> _Supplied data_:

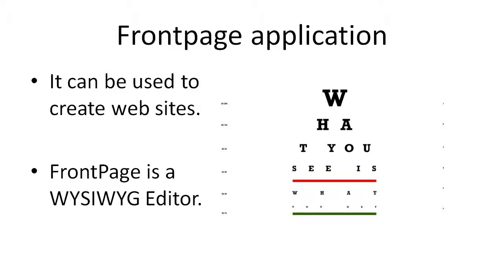WYSIWYG stands for What you see is what you get. You could specify how you want your page to look like and the program will add the necessary HTML code to make sure the page looks as per your specifications in the browser.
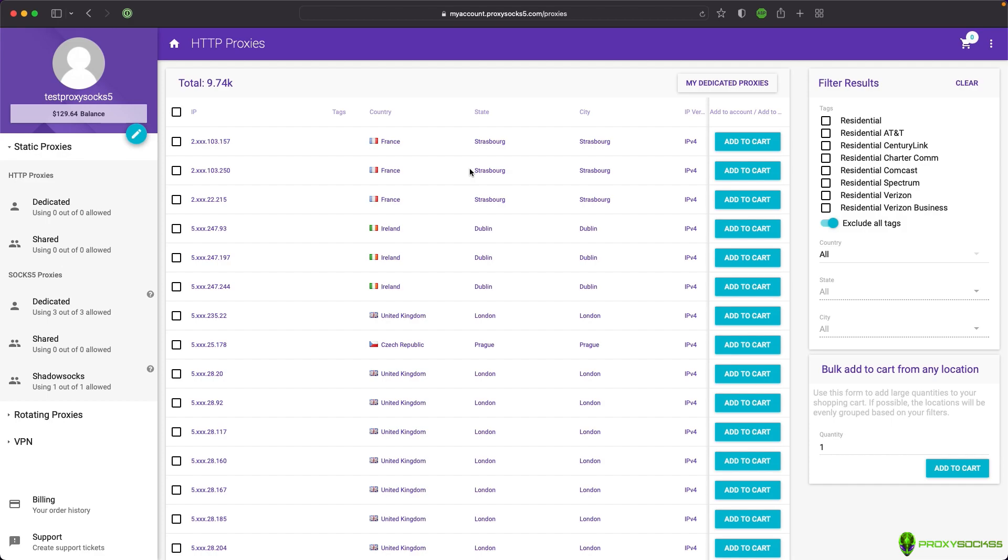Hi guys and welcome back! In this video, I will show you how to set up SOCKS5 proxies in Safari on Mac operating system.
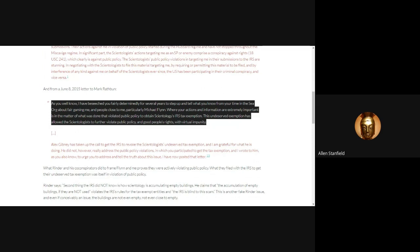This is the linchpin. This is how we get rid of Scientology's tax exemption. The violations in their submissions to gain tax exemption is their Achilles' heel. And Jerry, with his legal standing, is the person who can undo this.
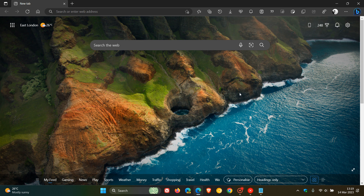Brent Tech here, where tech is made simple. As posted earlier today, Microsoft has recently rolled out their latest version of the Edge web browser for desktop, version 111.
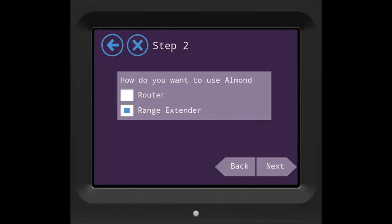Step 2 allows you to choose Almond as a router or as a Range Extender. We'll just choose Range Extender here since this tutorial is about Range Extender, and then press Next.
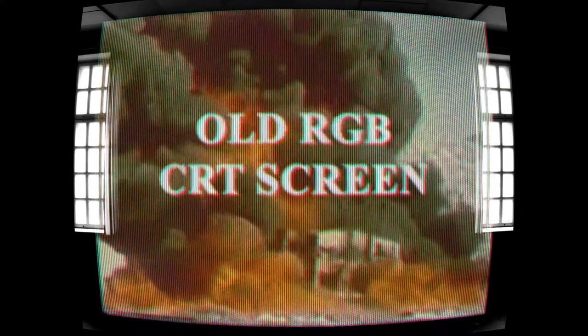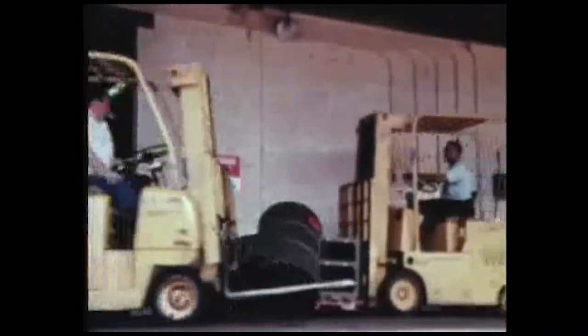Old RGB CRT screen — do you need to work with old and low-res footage? Let your audience feel that it's old by taking them back to the age of CRTs. You sure got all the answers. Well, I've been around the block a few times.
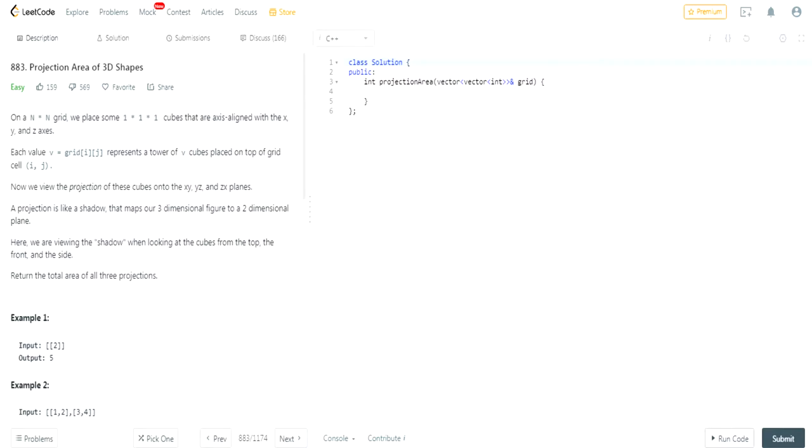Alright guys, so I didn't want to do this question so I'll just copy and paste the solution and tell you guys how to do it. I don't know how they found this solution, but that is how it works.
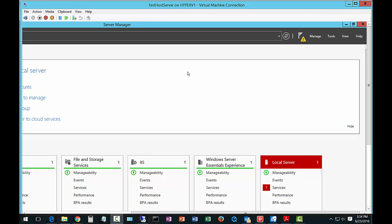In a previous video, we installed the Windows Server Essentials Experience on a Windows Server 2012 R2 Standard Server. Now we're going to go ahead and configure it.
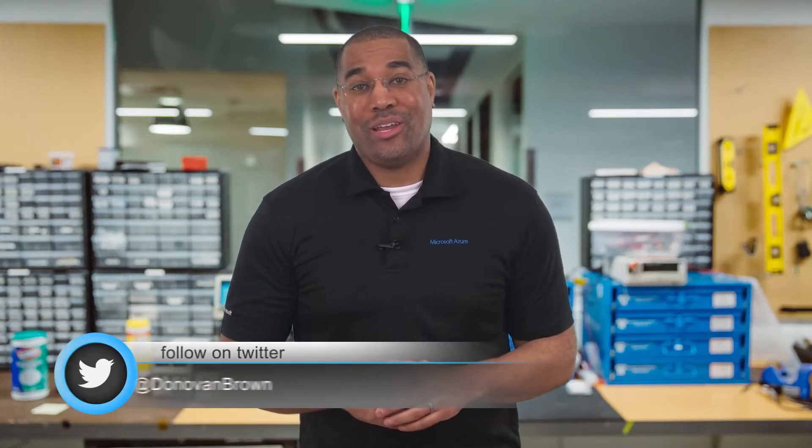Hey everyone, Donovan Brown here. Running microservices can be tough. How do you store state? How do you perform service-to-service invocation? Where do you store secrets? Well, Dapr is here to help.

> _What you will do_: Take the line that contains "Old RGB CRT" and all lines after it to the end of the material above, and copy them verbatim without any images.

> _Written response_:
Old RGB CRT screen — do you need to work with old and low-res footage? Let your audience feel that it's old by taking them back to the age of CRTs. You sure got all the answers. Well, I've been around the block a few times.
Alright guys, so I didn't want to do this question so I'll just copy and paste the solution and tell you guys how to do it. I don't know how they found this solution, but that is how it works.
In a previous video, we installed the Windows Server Essentials Experience on a Windows Server 2012 R2 Standard Server. Now we're going to go ahead and configure it.
Hey everyone, Donovan Brown here. Running microservices can be tough. How do you store state? How do you perform service-to-service invocation? Where do you store secrets? Well, Dapr is here to help.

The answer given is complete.